- _Assigned task_: Begin your copy at the line holding "Poster cyberpunk biotech" and end it at the last line of the listing. Keep every line exact and leave out the pictures.

- _Given material_:
BEGIN

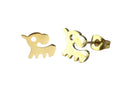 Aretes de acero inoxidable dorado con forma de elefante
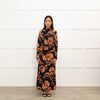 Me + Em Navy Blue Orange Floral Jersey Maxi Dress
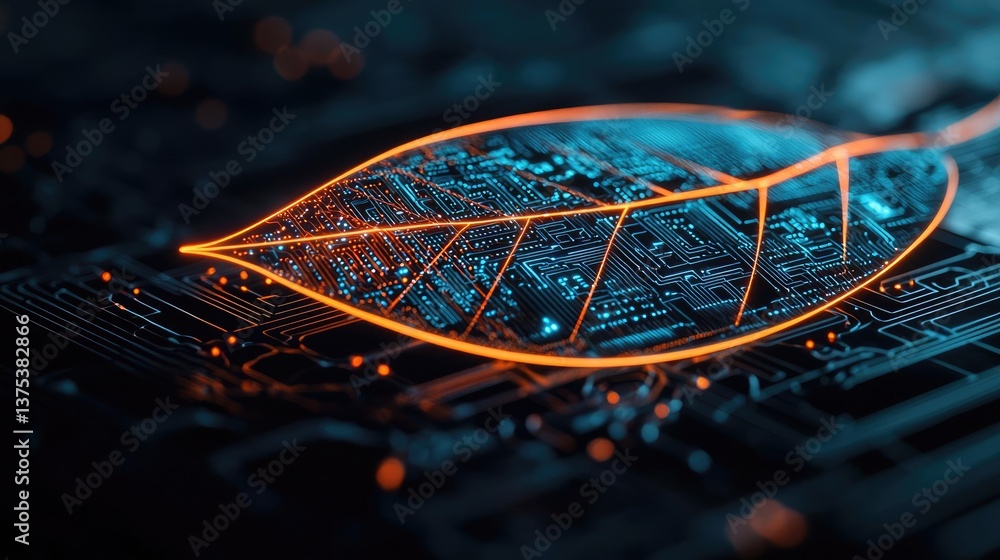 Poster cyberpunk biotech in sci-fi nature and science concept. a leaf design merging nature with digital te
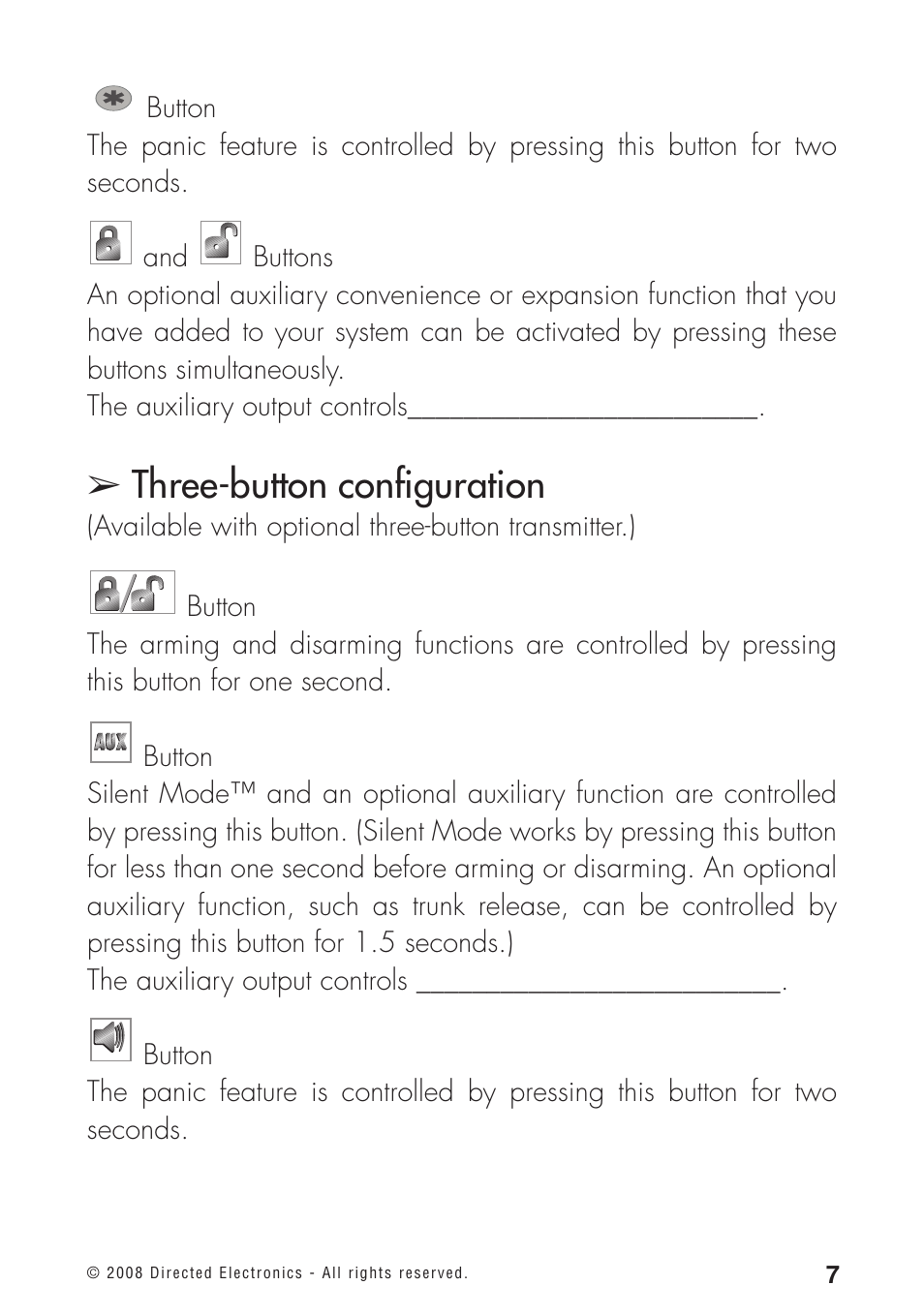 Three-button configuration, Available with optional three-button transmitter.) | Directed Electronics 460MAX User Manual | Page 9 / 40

END

- _Written response_:
 Poster cyberpunk biotech in sci-fi nature and science concept. a leaf design merging nature with digital te
 Three-button configuration, Available with optional three-button transmitter.) | Directed Electronics 460MAX User Manual | Page 9 / 40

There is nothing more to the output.